One fact on record is that Perry won $75 in prizes from Field and Stream‘s Big Fish Contest that year, and he won it again two years later. Other than that, he never cashed in on his record catch. In fact, he and his family did what anyone would have done with a mammoth fish in those days: They ate it.
5 MORE BASS CAPITAL SPOTS
Had we visited all the self-proclaimed bass capitals around the country, we would have been gone for three years. But there were five places that nearly made it into our itinerary:
* Santee Cooper Lakes (Lakes Marion and Moultrie), South Carolina. During interviews for this story, several bass experts called this water the best in the world for sheer numbers of largemouth bass. It also holds the world record for heaviest channel catfish (58 pounds).
* Castaic Lake, California. Four of the top seven bass on Bassmaster’s list of the largest largemouths ever came from Castaic. The fishery is stocked with trout that the bass devour like peanuts. The lake’s fans thought they had a world record bass several years ago, until lead was found planted in its fat belly.

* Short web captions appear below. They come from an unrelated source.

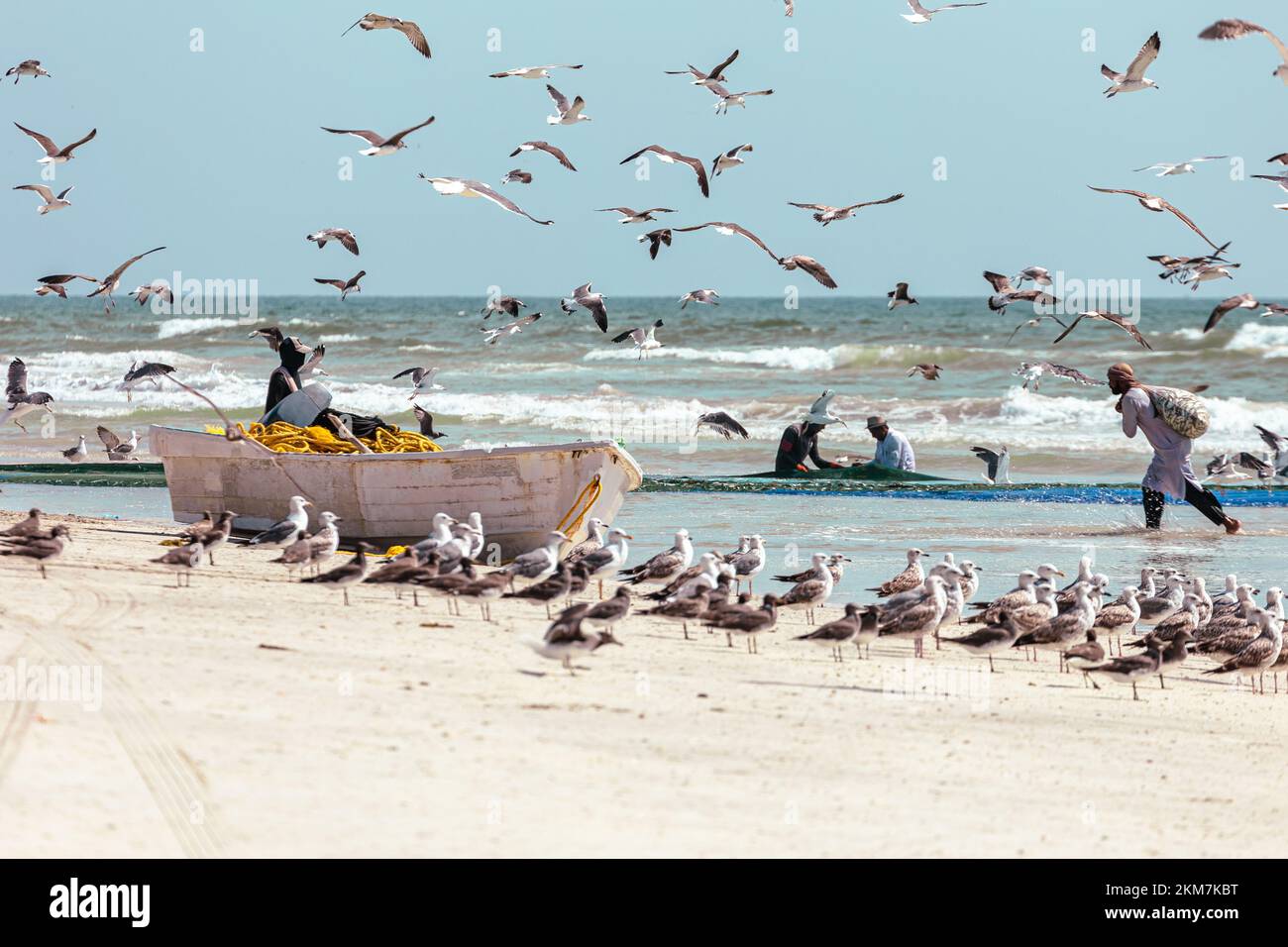 Pêcheurs qui attrapent des sardines depuis la plage de Salalah. Un grand filet plein de sardines. Les mouettes volent. Salalah, Oman. Péninsule arabique. Banque D'Images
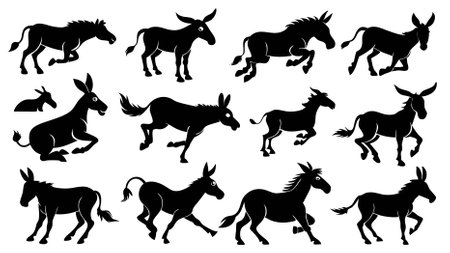 Collection of 16 Silhouette Images of a Donkey in Black and Whiteのイラスト素材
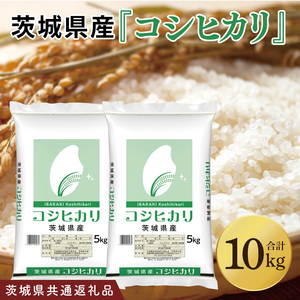 【茨城県共通返礼品】令和7年産 茨城県産 コシヒカリ10kg（5kg×2袋）【お米 米 こしひかり ごはん 茨城県】（03-49-1）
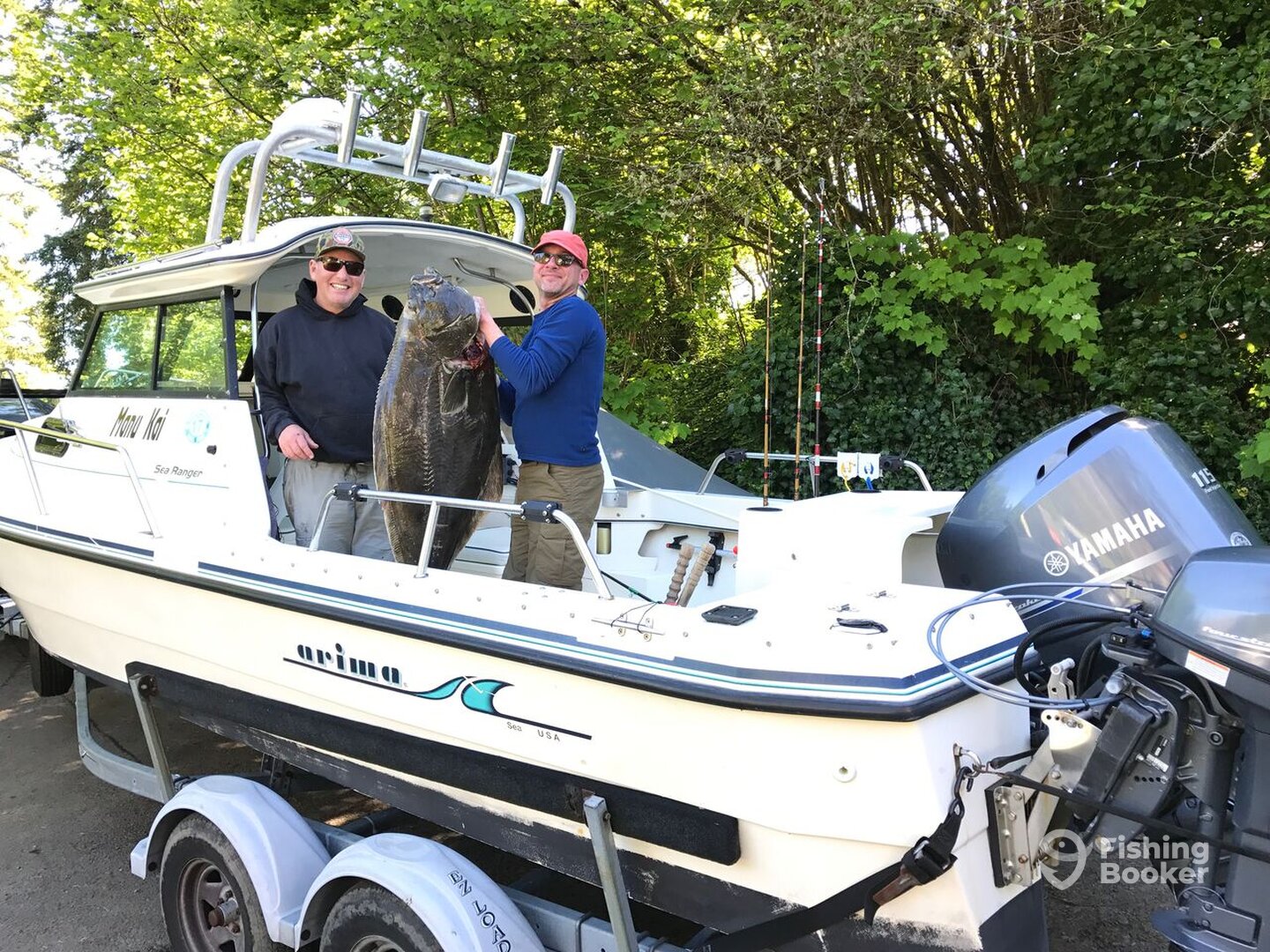 Newport Report Photo 0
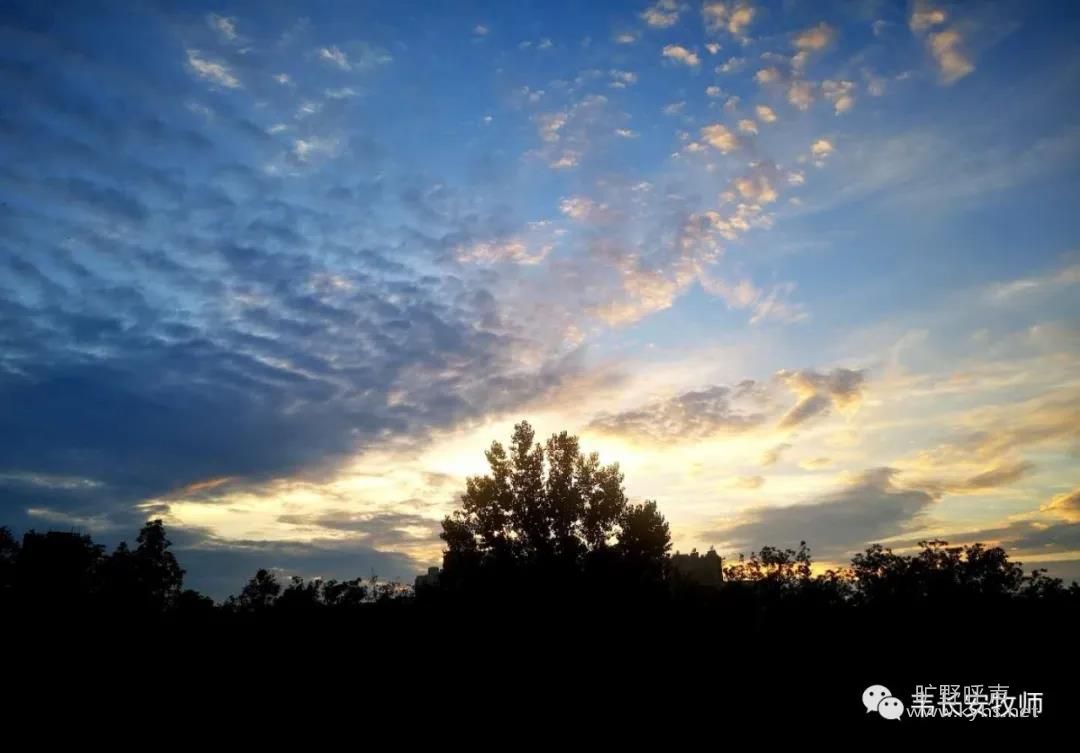 ���л��õ�������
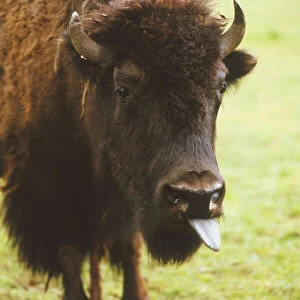 Horned brown Bull (Bos taurus) sticking its tongue out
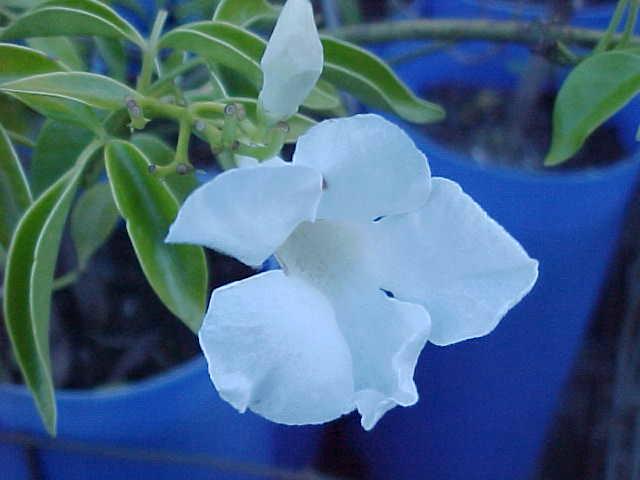 Pandorea  Lady  Di - P. jasminoides  hybrid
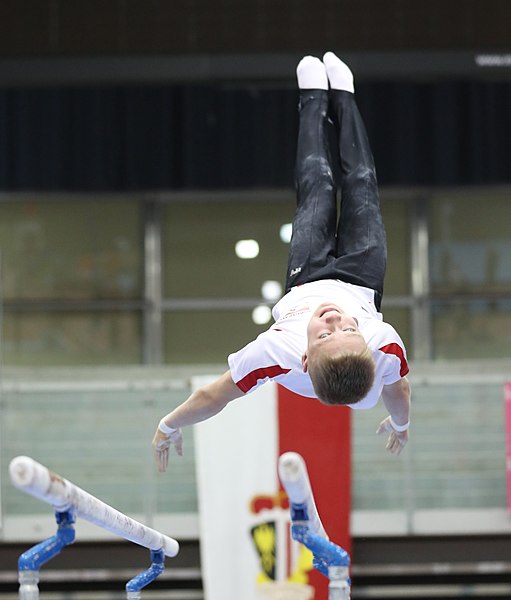 File:Austrian Future Cup 2018-11-23 Training Afternoon Parallel bars (Martin Rulsch) 0896.jpg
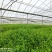 优质平卧菊三七长期有货全国供应无杂质保证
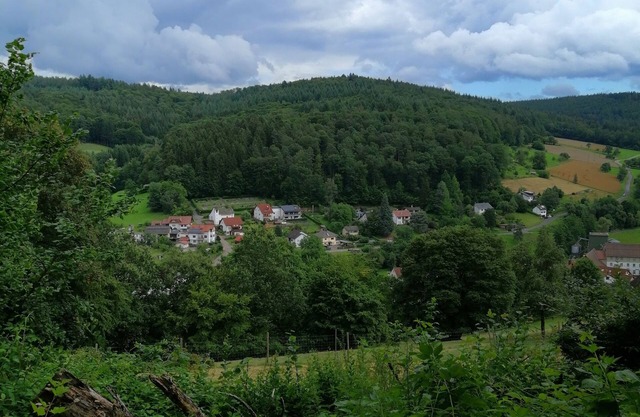 Quiet, spacious maisonette apartment (6pers.) 2bathrooms, 2balconies 30km to Heidelberg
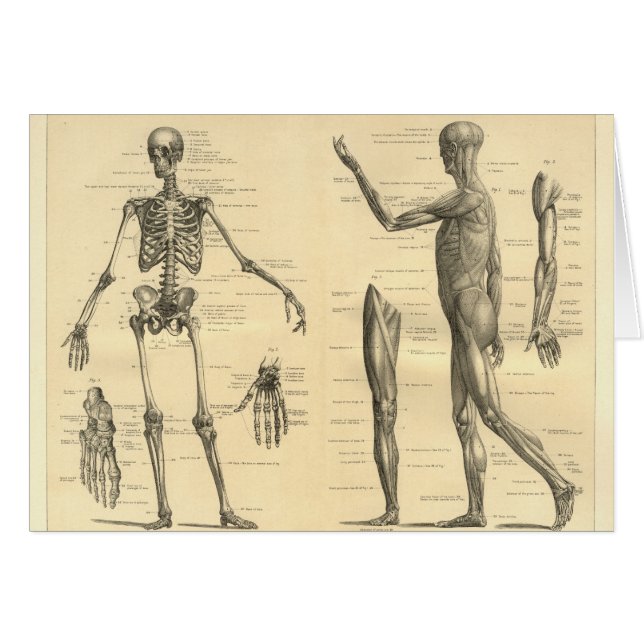 Cartão Esqueleto da anatomia e músculos humanos do corpo (Frente Horizontal)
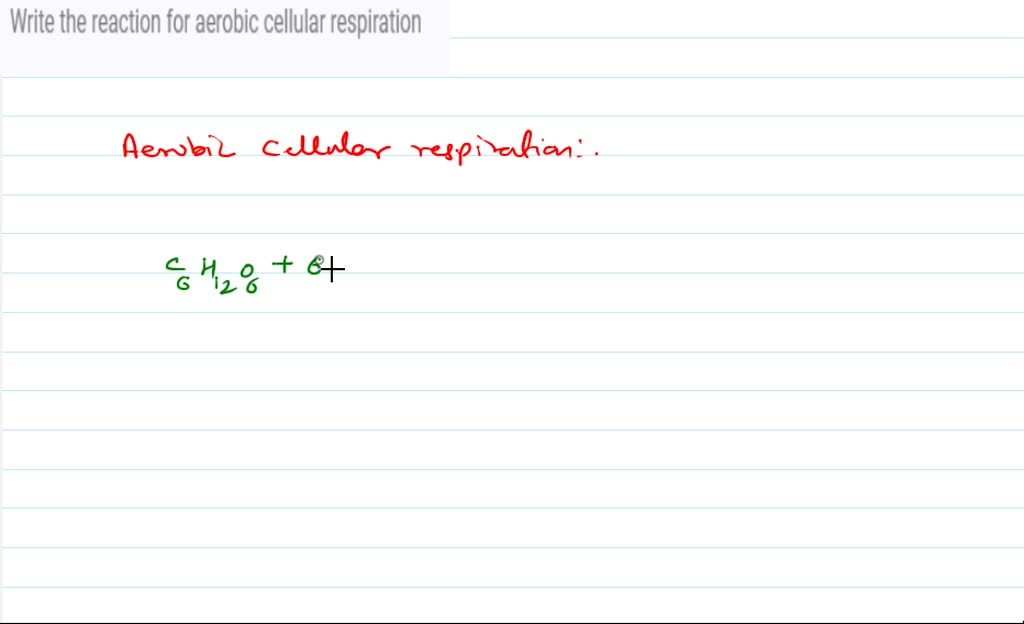 SOLVED Write The Reaction For Aerobic Cellular Respiration solved-write-the-reaction-for-aerobic-cellular-respiration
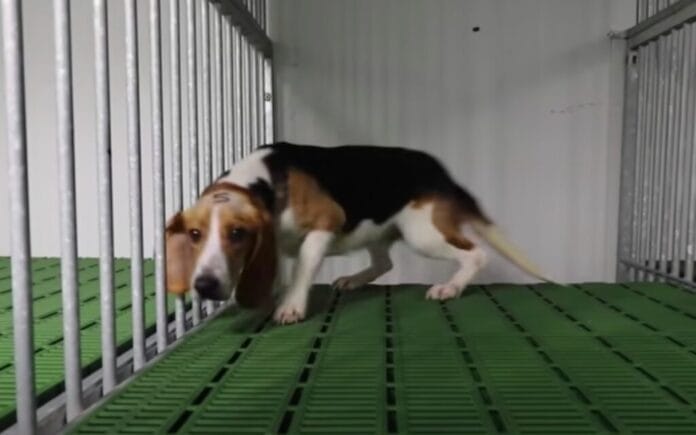 sacrificar a 32 cachorros en España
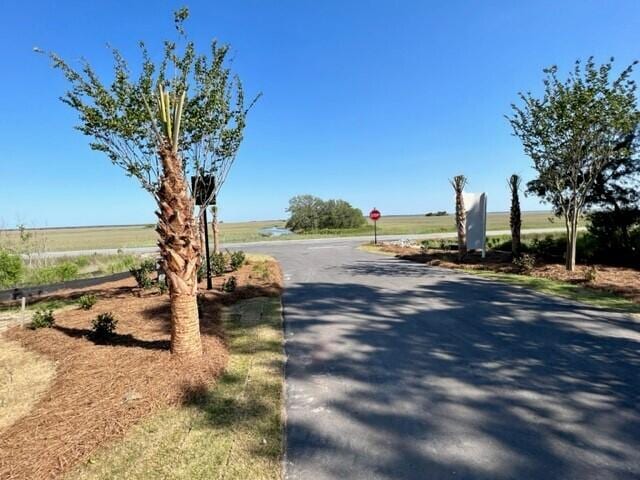1056 Capersview Ct, Awendaw, SC 29429 - view of asphalt road with traffic signs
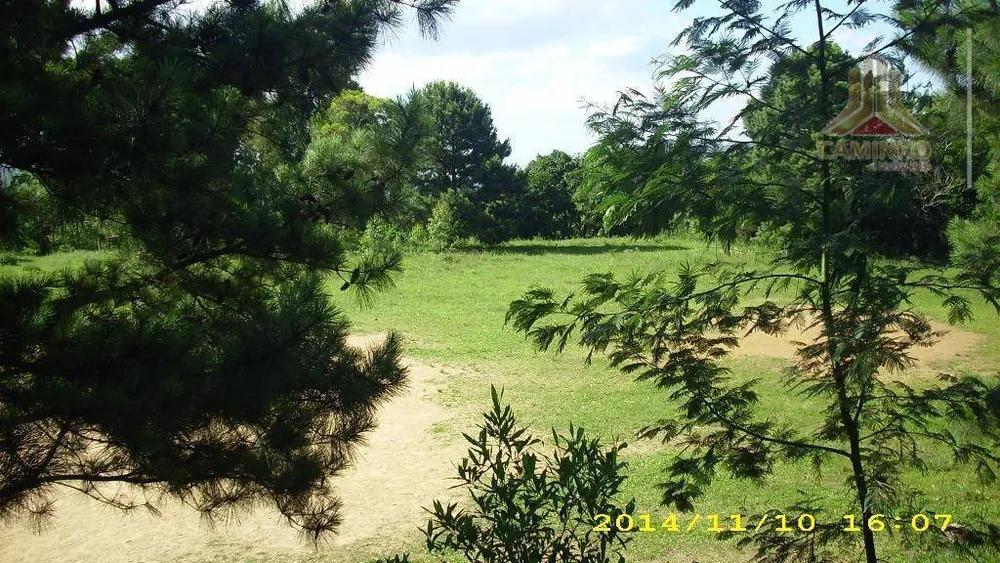 Terreno, 4 hectares - Foto 3
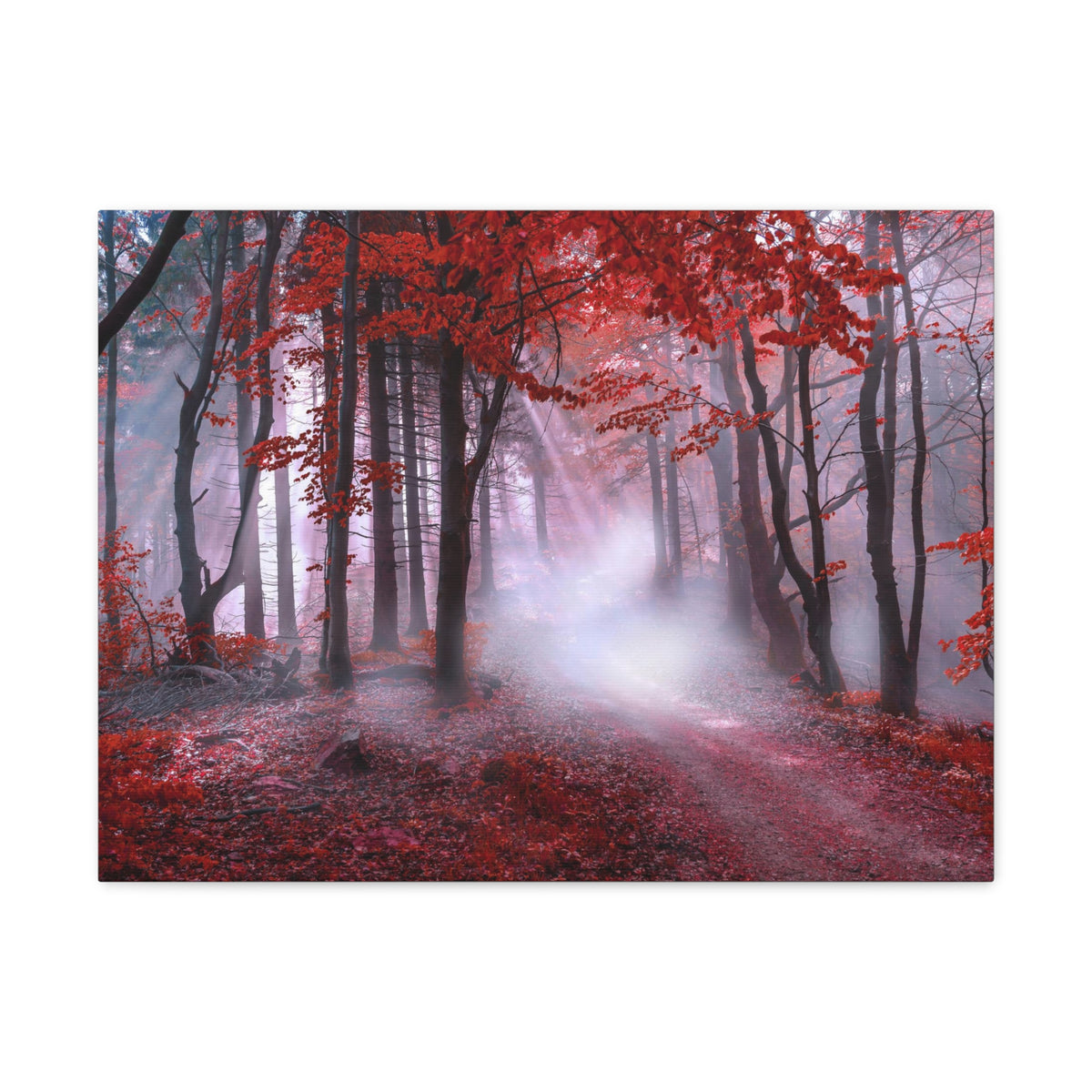 Foggy Autumn Forest Orange Leaves Nature Wilderness Photography Canvas Wall Art for Home Decor Ready-to-Hang-Express Your Love Gifts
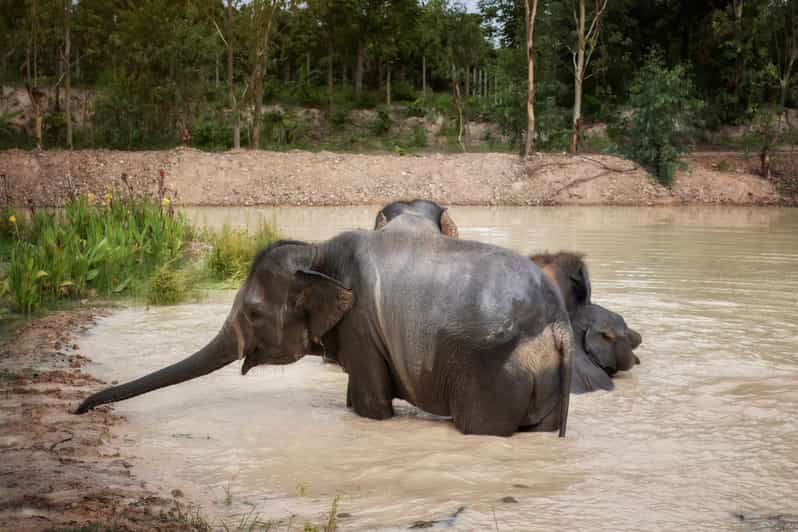 Chiang Mai: Ethical Elephant Encounter Feeding Program - Key things that make this elephant encounter work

* Guntersville Lake, Alabama. With heavy grasses providing shade and warm water allowing year-round growth, Guntersville, the largest lake in Alabama, is sometimes referred to as "north Florida." It’s one of the best winter bass lakes in the South.
* Lake Champlain, New York. If the target had been smallmouth bass, this would have been our first choice. Everybody we talked with mentioned Champlain as one of the best for smallies. Catching 50 or 60 before 3 p.m. is not unusual.
* Spring Lake, California. This one didn’t register on our screen until the National Fresh Water Fishing Hall of Fame ran a story in its publication, The Splash, just before Christmas. The piece showed Leah Trew from Santa Rosa hefting a reported 22-pound, 8-ounce bass. The fish was weighed on a certified scale, and might have broken George Perry’s all-tackle world record (mentioned above) had it not been released before a biologist could perform an "autopsy" to make sure there was no funny business in its stomach.